<<<<

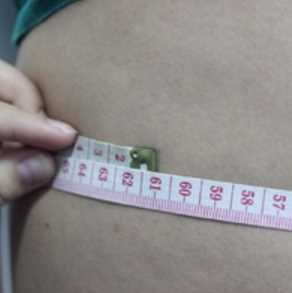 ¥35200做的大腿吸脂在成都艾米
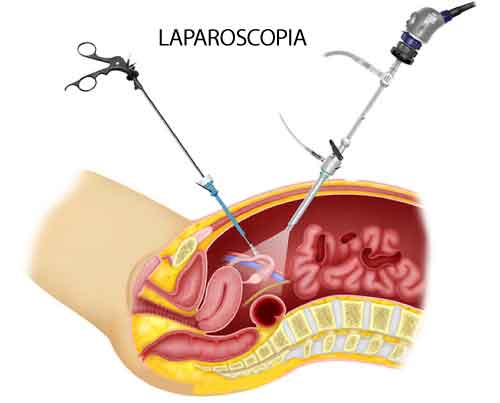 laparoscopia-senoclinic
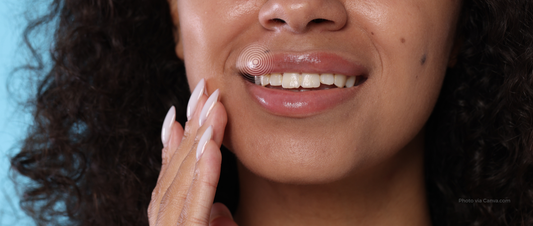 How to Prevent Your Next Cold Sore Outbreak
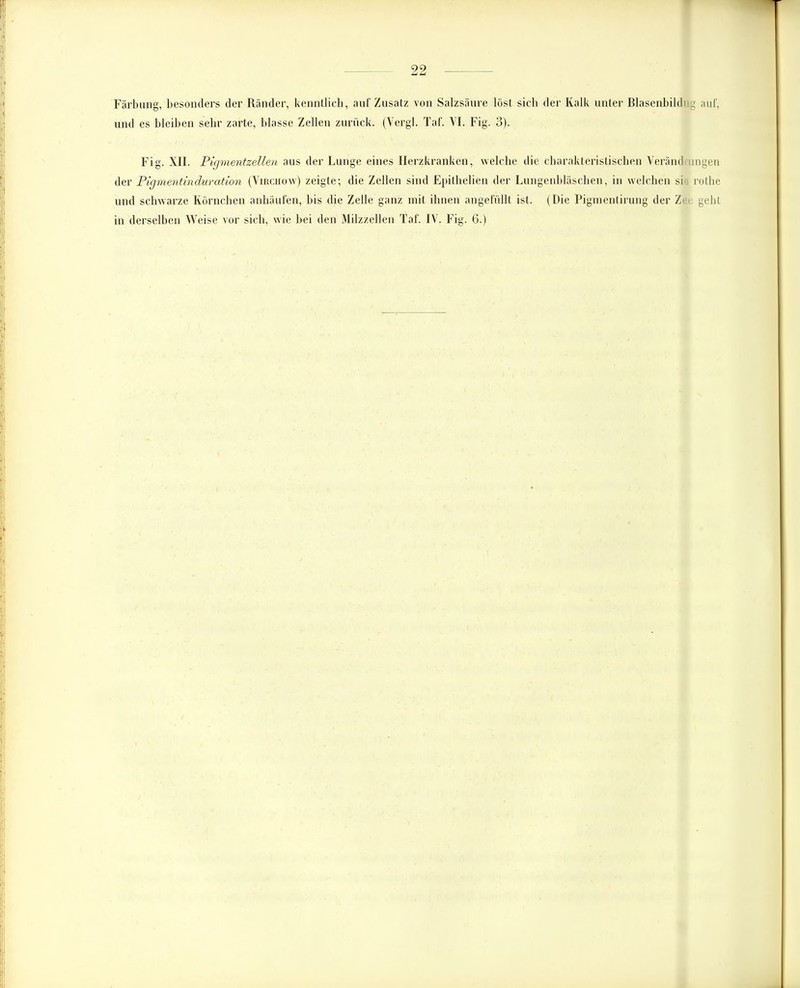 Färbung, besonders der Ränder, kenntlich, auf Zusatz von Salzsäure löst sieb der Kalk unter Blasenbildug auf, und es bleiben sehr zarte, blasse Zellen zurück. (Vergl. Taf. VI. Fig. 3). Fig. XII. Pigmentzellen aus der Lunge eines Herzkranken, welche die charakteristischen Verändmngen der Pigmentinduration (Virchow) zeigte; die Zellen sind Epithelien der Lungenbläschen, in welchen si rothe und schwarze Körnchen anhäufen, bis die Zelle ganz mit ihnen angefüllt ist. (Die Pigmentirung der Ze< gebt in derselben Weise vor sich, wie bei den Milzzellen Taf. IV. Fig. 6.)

>>>>
<<<<

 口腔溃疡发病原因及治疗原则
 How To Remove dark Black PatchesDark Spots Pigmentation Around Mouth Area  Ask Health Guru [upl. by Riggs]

>>>>
<<<<

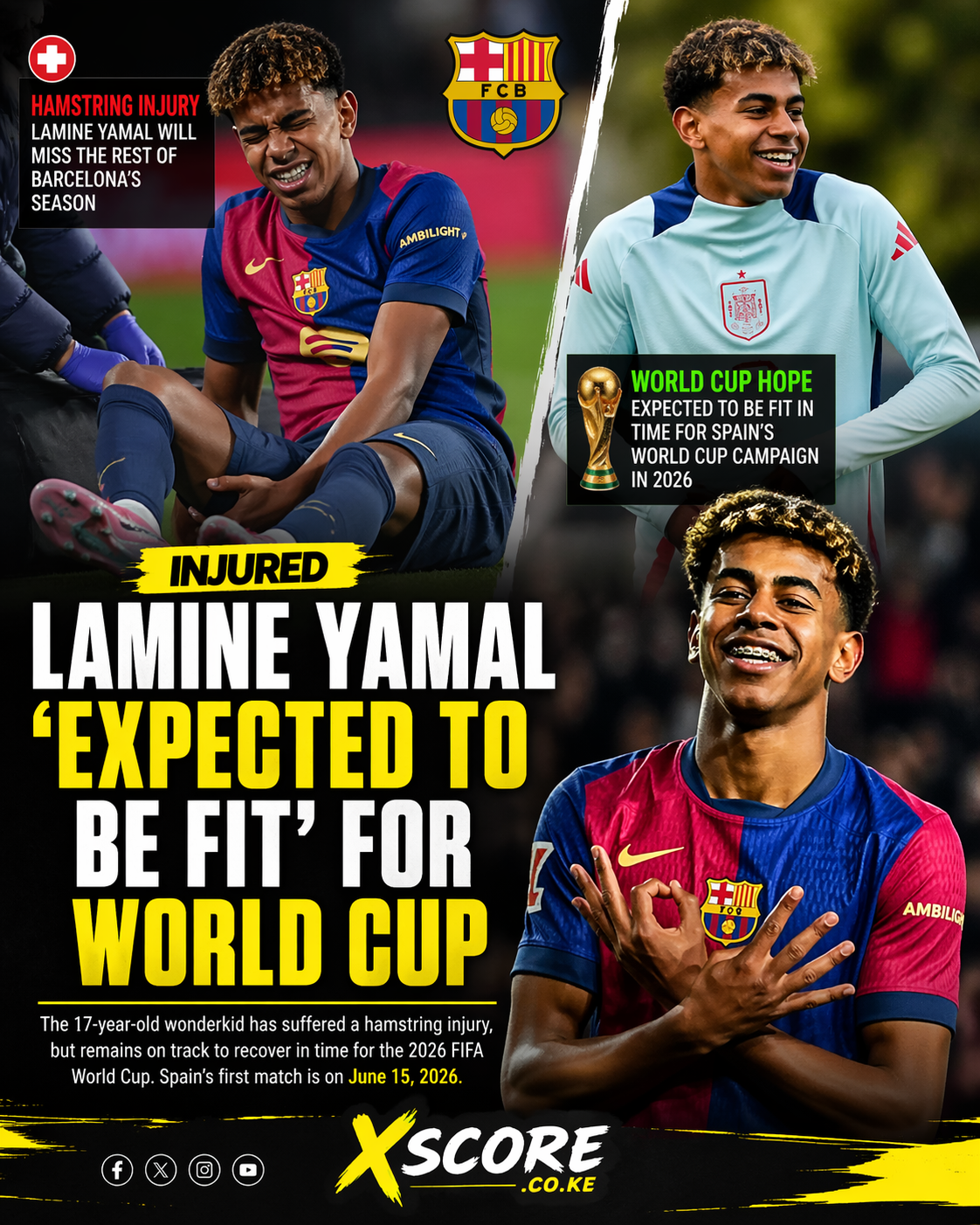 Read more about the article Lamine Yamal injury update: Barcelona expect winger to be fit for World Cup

>>>>

### PROBLEM REQUIREMENTS
From the material above, set down exactly the lines starting at the one with "口腔溃疡发病原因及治疗原则" and ending at the one with "How To Remove", end lines included.

### YOUR SOLUTION
 口腔溃疡发病原因及治疗原则
 How To Remove dark Black PatchesDark Spots Pigmentation Around Mouth Area  Ask Health Guru [upl. by Riggs]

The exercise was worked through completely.